ML began as the Meta Language of Edinburgh LCF.

Ch. 2.5: Goal-directed programming (tactics)

The Module System

What is a module? Simple question with a surprisingly complicated answer.

Compare: what is an integer? Easy answer: an integer is a token ("value") of type Int. Why "token" instead of "value"? The latter suggests evaluation, which is a computation notion that does not apply to types and tokens. A type is a universal; a token is a particular, end of story. "x is an Int" just means that x is a particular (token) subsumed under the general concept (type) Int.

module is a keyword in the OCaml language, but it is not a type constant; there is no module type in OCaml.

"Module" is not a first-class object. That is, modules are not values of a Module type; there is no type Module. In fact a "module" is neither a value nor a type. It’s a pragmatic term used to refer to a pairing of a struct and a sig. Or rather, its a generic term used to refer to a whole class of module types, just as "list" is often used to refer to Int List, String List, etc.

Signatures and Structures

Compatible sigfile - sigfile satisfied by structfile, irrespective of location and principle name.

Matching sigfile - a compatible sigfile with same principle name, in same directory

I.e. compatibility is structural, matching is nominal and structural.

Compatible structfile - a structfile satisfying the sig, irrespective of location and principle name.

Matching structfile - compatible structfile with same principle name in same dir as sigfile.

From an algebraic perspective, the type constructed by sig…​end expresses an algebraic signature. So it makes sense to call it a "signature type" or just "signature" with the caveat that "signature" never means "token of type signature". The tokens of such a type are structs, not signatures.

From the perspective of OCaml’s module system, the type constructed by sig…​end expresses a module type, whose tokens are structs.

A module is thus the binding of a module (signature) type and a struct.

In the literature "module" is often used to refer to the struct component of a module.

TODO: explicate "struct satisfies signature"

A signature can be bound to any struct that satisfies it.
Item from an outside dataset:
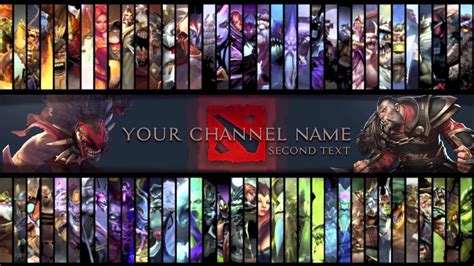 Free Dota 2 Channel Art Free Templatepsd File Free Download Youtube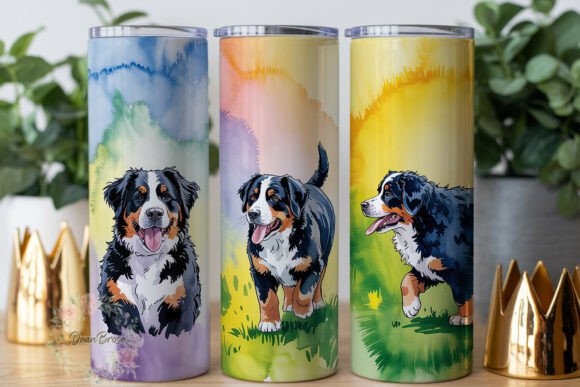 Watercolor Bernese Dogs Graphics for Tumbler Wraps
In OCaml such type assignments are static, fixed at compile time.

Developers may want to select a struct for binding to a signature, based on configuration constraints. A common case is selection of platform-dependent code, where we have one struct for linux and one for macos. Static typing means that this selection and type assignment must occur at compile time.

module type B = sig val msg : string end

module  Blinux : B = struct let msg = "linux msg" end
module  Bmacos : B = struct let msg = "macos msg" end

The problem with this is that clients would have to use the platform-specific name. The modules here are named Blinux and Bmacos, not B.

Recall that the module names are independent of sig and struct names. We could have a sig named ASig, a struct named AStruct, and bind them to produce a module named A: module A : ASig = AStruct
OCaml uses different namespaces for module (signature) type names and module names, so the same name, e.g. A, can be used for both a sig and a module, e.g. module A : A = struct…​end: the first A names a module and the second names a module (signature) type.

To get a module named B, binding signature B to a struct selected based on platform, we need something like the following:

module B : B = if platform == "linux" then Blinux else Bmacos

Unfortunately that’s syntactically malformed so it won’t compile. The syntax on the right-hand side of the equality sign = in a module definition cannot be an if-then expression.

This won’t work either:

if platform == "linux" then module B : B = Blinux else module B : B = Bmacos

But this does work:

if platform == "linux"
then let module B : B = Blinux in
     begin print_endline B.msg end
else let module B : B = Bmacos in
     begin print_endline B.msg end

The problem with this is that the selected module B is only accessible within the local begin…​end, so we might as well just write:

if platform == "linux"
then print_endline Blinux.msg
else print_endline Bmacos.msg

Summary: this kind of selection cannot be expressed within the language. But it can be expressed using filesystem modules; see XXX for details.

Principal Signature

Module Bindings

Module Types as Dependent Types

Example:

module M : sig val x : int end = struct let x = 42 end

This means that M is a token constructed by struct let x = 42 end, whose type is constructed by sig val x : int end.

A type constructed in this manner is a kind of dependent type. Under standard usage, "dependent type" means a type parameterized by a value of some (first-order) type such as Int; for example, the type of lists of strings of length four. The type constructor for such a type would be parameterized by the type constant String and the integer value 4.

The type constructor sig …​ end is parameterized by a set of "fields", which are type declarations like val x:int. (TODO: list the allowable fields).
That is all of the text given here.